* Given material:
*** Begin section ***

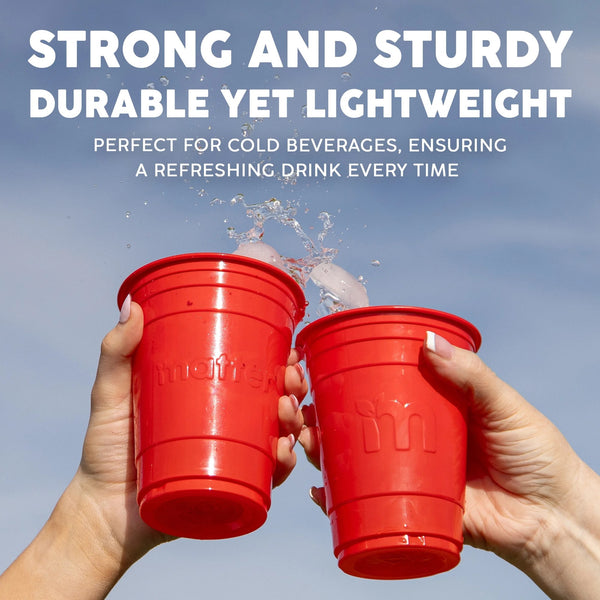 Compostable Disposable Cups, 18 oz, Red - 1 pack - 50 Count per pack - plus 3 My Outlet Mall Resealable Storage Pouches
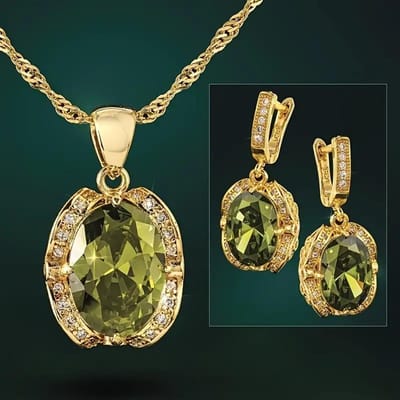 Ensemble de bijoux de style vintage avec zircone cubique géométrique vert olive avec boucles d'oreilles, pendentif, ensembles de colliers, cadeau de Saint-Valentin resizable beige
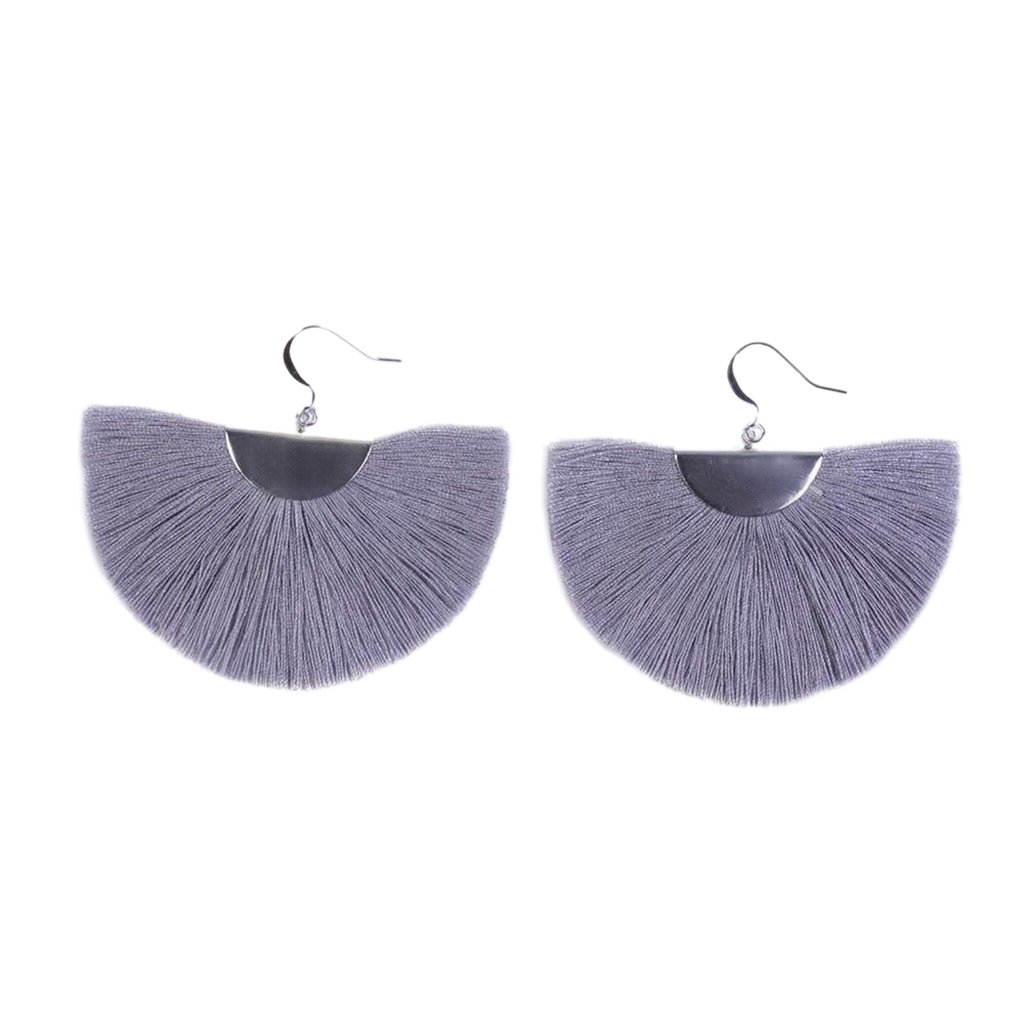 A pair of Silver Half Moon Fan Earrings featuring a cotton fan design and silver hooks, showcasing their bohemian style and lightweight nature.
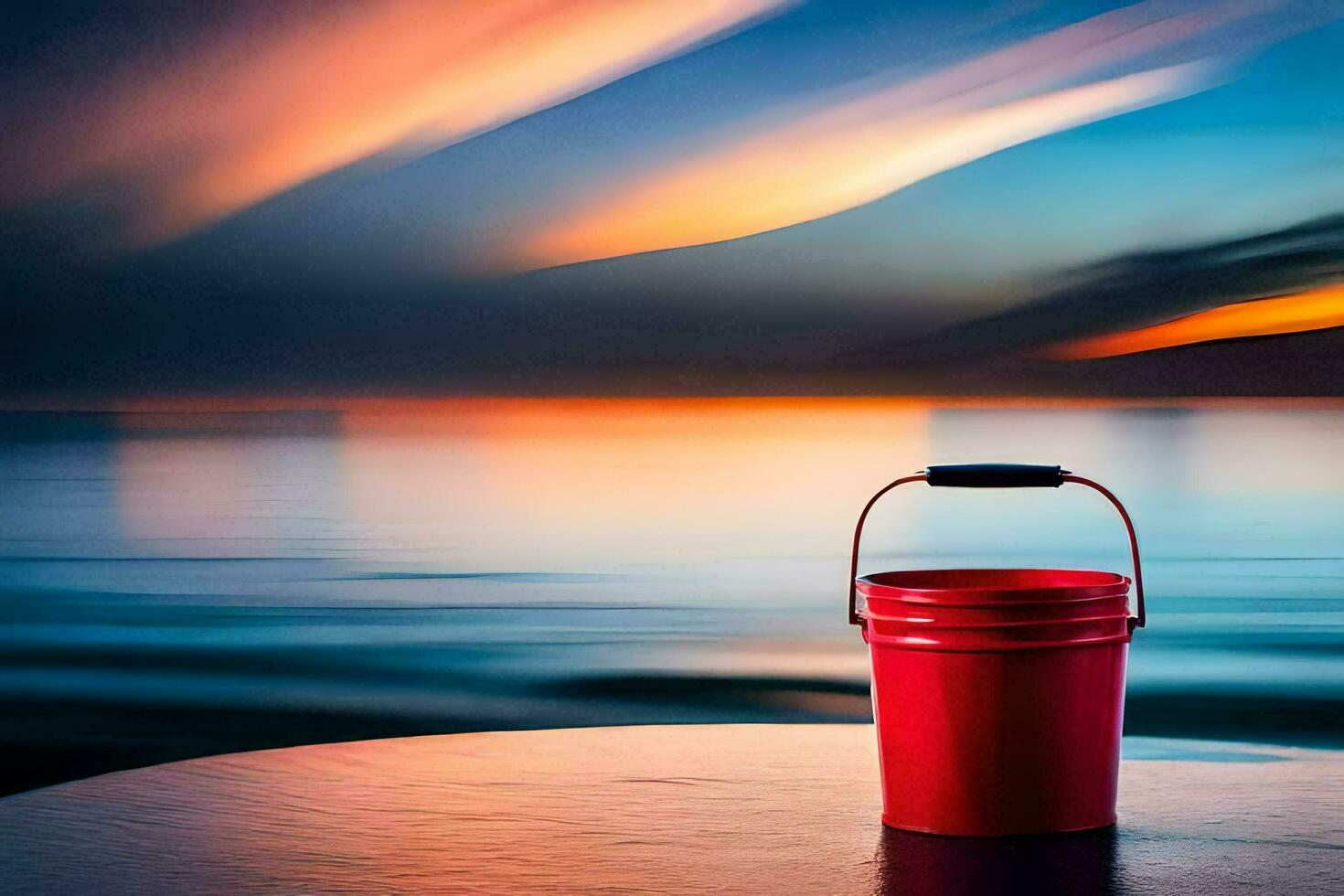 a red bucket on a table in front of the ocean. AI-Generated photo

*** End section ***

* Exercise details:
Could every line above be set down exactly, with the pictures omitted?

* Result below:
 Compostable Disposable Cups, 18 oz, Red - 1 pack - 50 Count per pack - plus 3 My Outlet Mall Resealable Storage Pouches
 Ensemble de bijoux de style vintage avec zircone cubique géométrique vert olive avec boucles d'oreilles, pendentif, ensembles de colliers, cadeau de Saint-Valentin resizable beige
 A pair of Silver Half Moon Fan Earrings featuring a cotton fan design and silver hooks, showcasing their bohemian style and lightweight nature.
 a red bucket on a table in front of the ocean. AI-Generated photo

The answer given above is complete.